** EXERCISE BRIEF **
Repeat the entries below in full, with every character unchanged.
═════ SOURCE MATERIAL
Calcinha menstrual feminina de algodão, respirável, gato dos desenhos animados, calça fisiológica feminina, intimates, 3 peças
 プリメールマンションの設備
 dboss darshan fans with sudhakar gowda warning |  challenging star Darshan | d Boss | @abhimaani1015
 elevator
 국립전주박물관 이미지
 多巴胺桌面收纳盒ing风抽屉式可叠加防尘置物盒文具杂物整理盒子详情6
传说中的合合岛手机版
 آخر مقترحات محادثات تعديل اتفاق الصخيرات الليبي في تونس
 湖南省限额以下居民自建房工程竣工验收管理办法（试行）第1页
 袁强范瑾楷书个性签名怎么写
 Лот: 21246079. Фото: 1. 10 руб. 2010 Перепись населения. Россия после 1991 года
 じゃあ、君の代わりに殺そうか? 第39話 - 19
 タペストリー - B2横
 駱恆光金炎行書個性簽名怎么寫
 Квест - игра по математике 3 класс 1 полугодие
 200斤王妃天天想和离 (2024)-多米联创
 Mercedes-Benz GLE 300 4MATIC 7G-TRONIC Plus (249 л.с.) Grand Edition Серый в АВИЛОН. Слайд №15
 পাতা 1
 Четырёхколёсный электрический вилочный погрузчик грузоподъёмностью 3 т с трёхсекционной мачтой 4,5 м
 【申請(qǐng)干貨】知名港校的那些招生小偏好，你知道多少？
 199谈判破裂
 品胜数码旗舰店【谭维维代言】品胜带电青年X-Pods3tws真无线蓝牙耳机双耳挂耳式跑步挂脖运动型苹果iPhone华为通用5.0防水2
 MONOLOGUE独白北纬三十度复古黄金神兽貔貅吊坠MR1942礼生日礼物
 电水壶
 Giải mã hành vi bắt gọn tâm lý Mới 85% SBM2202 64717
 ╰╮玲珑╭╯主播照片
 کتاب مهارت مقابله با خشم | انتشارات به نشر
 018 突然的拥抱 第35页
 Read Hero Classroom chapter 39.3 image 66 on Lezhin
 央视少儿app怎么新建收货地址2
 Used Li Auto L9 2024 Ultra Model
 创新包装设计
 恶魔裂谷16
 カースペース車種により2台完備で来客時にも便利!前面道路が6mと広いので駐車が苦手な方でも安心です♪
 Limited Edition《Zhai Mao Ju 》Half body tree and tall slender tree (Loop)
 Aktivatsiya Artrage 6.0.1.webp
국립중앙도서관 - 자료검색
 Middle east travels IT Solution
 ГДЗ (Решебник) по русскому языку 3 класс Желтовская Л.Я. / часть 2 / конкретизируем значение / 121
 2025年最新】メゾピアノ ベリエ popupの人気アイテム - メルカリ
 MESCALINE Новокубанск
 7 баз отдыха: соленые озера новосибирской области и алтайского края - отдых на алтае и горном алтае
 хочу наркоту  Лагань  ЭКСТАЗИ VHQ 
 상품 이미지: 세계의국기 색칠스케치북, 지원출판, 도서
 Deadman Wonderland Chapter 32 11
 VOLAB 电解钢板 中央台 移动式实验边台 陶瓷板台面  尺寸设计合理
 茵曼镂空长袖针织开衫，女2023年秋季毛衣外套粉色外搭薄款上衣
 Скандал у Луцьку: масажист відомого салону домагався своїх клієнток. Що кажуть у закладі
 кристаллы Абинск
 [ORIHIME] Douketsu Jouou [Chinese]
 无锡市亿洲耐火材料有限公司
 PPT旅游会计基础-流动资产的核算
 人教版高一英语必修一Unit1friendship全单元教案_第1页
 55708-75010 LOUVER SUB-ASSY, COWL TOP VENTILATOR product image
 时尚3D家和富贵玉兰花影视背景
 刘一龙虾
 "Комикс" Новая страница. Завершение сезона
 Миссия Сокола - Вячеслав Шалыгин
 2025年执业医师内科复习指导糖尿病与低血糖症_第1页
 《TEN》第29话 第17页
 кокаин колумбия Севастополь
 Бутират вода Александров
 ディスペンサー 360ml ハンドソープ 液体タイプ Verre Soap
══════════
** OUTPUT BELOW **
Calcinha menstrual feminina de algodão, respirável, gato dos desenhos animados, calça fisiológica feminina, intimates, 3 peças
 プリメールマンションの設備
 dboss darshan fans with sudhakar gowda warning |  challenging star Darshan | d Boss | @abhimaani1015
 elevator
 국립전주박물관 이미지
 多巴胺桌面收纳盒ing风抽屉式可叠加防尘置物盒文具杂物整理盒子详情6
传说中的合合岛手机版
 آخر مقترحات محادثات تعديل اتفاق الصخيرات الليبي في تونس
 湖南省限额以下居民自建房工程竣工验收管理办法（试行）第1页
 袁强范瑾楷书个性签名怎么写
 Лот: 21246079. Фото: 1. 10 руб. 2010 Перепись населения. Россия после 1991 года
 じゃあ、君の代わりに殺そうか? 第39話 - 19
 タペストリー - B2横
 駱恆光金炎行書個性簽名怎么寫
 Квест - игра по математике 3 класс 1 полугодие
 200斤王妃天天想和离 (2024)-多米联创
 Mercedes-Benz GLE 300 4MATIC 7G-TRONIC Plus (249 л.с.) Grand Edition Серый в АВИЛОН. Слайд №15
 পাতা 1
 Четырёхколёсный электрический вилочный погрузчик грузоподъёмностью 3 т с трёхсекционной мачтой 4,5 м
 【申請(qǐng)干貨】知名港校的那些招生小偏好，你知道多少？
 199谈判破裂
 品胜数码旗舰店【谭维维代言】品胜带电青年X-Pods3tws真无线蓝牙耳机双耳挂耳式跑步挂脖运动型苹果iPhone华为通用5.0防水2
 MONOLOGUE独白北纬三十度复古黄金神兽貔貅吊坠MR1942礼生日礼物
 电水壶
 Giải mã hành vi bắt gọn tâm lý Mới 85% SBM2202 64717
 ╰╮玲珑╭╯主播照片
 کتاب مهارت مقابله با خشم | انتشارات به نشر
 018 突然的拥抱 第35页
 Read Hero Classroom chapter 39.3 image 66 on Lezhin
 央视少儿app怎么新建收货地址2
 Used Li Auto L9 2024 Ultra Model
 创新包装设计
 恶魔裂谷16
 カースペース車種により2台完備で来客時にも便利!前面道路が6mと広いので駐車が苦手な方でも安心です♪
 Limited Edition《Zhai Mao Ju 》Half body tree and tall slender tree (Loop)
 Aktivatsiya Artrage 6.0.1.webp
국립중앙도서관 - 자료검색
 Middle east travels IT Solution
 ГДЗ (Решебник) по русскому языку 3 класс Желтовская Л.Я. / часть 2 / конкретизируем значение / 121
 2025年最新】メゾピアノ ベリエ popupの人気アイテム - メルカリ
 MESCALINE Новокубанск
 7 баз отдыха: соленые озера новосибирской области и алтайского края - отдых на алтае и горном алтае
 хочу наркоту  Лагань  ЭКСТАЗИ VHQ 
 상품 이미지: 세계의국기 색칠스케치북, 지원출판, 도서
 Deadman Wonderland Chapter 32 11
 VOLAB 电解钢板 中央台 移动式实验边台 陶瓷板台面  尺寸设计合理
 茵曼镂空长袖针织开衫，女2023年秋季毛衣外套粉色外搭薄款上衣
 Скандал у Луцьку: масажист відомого салону домагався своїх клієнток. Що кажуть у закладі
 кристаллы Абинск
 [ORIHIME] Douketsu Jouou [Chinese]
 无锡市亿洲耐火材料有限公司
 PPT旅游会计基础-流动资产的核算
 人教版高一英语必修一Unit1friendship全单元教案_第1页
 55708-75010 LOUVER SUB-ASSY, COWL TOP VENTILATOR product image
 时尚3D家和富贵玉兰花影视背景
 刘一龙虾
 "Комикс" Новая страница. Завершение сезона
 Миссия Сокола - Вячеслав Шалыгин
 2025年执业医师内科复习指导糖尿病与低血糖症_第1页
 《TEN》第29话 第17页
 кокаин колумбия Севастополь
 Бутират вода Александров
 ディスペンサー 360ml ハンドソープ 液体タイプ Verre Soap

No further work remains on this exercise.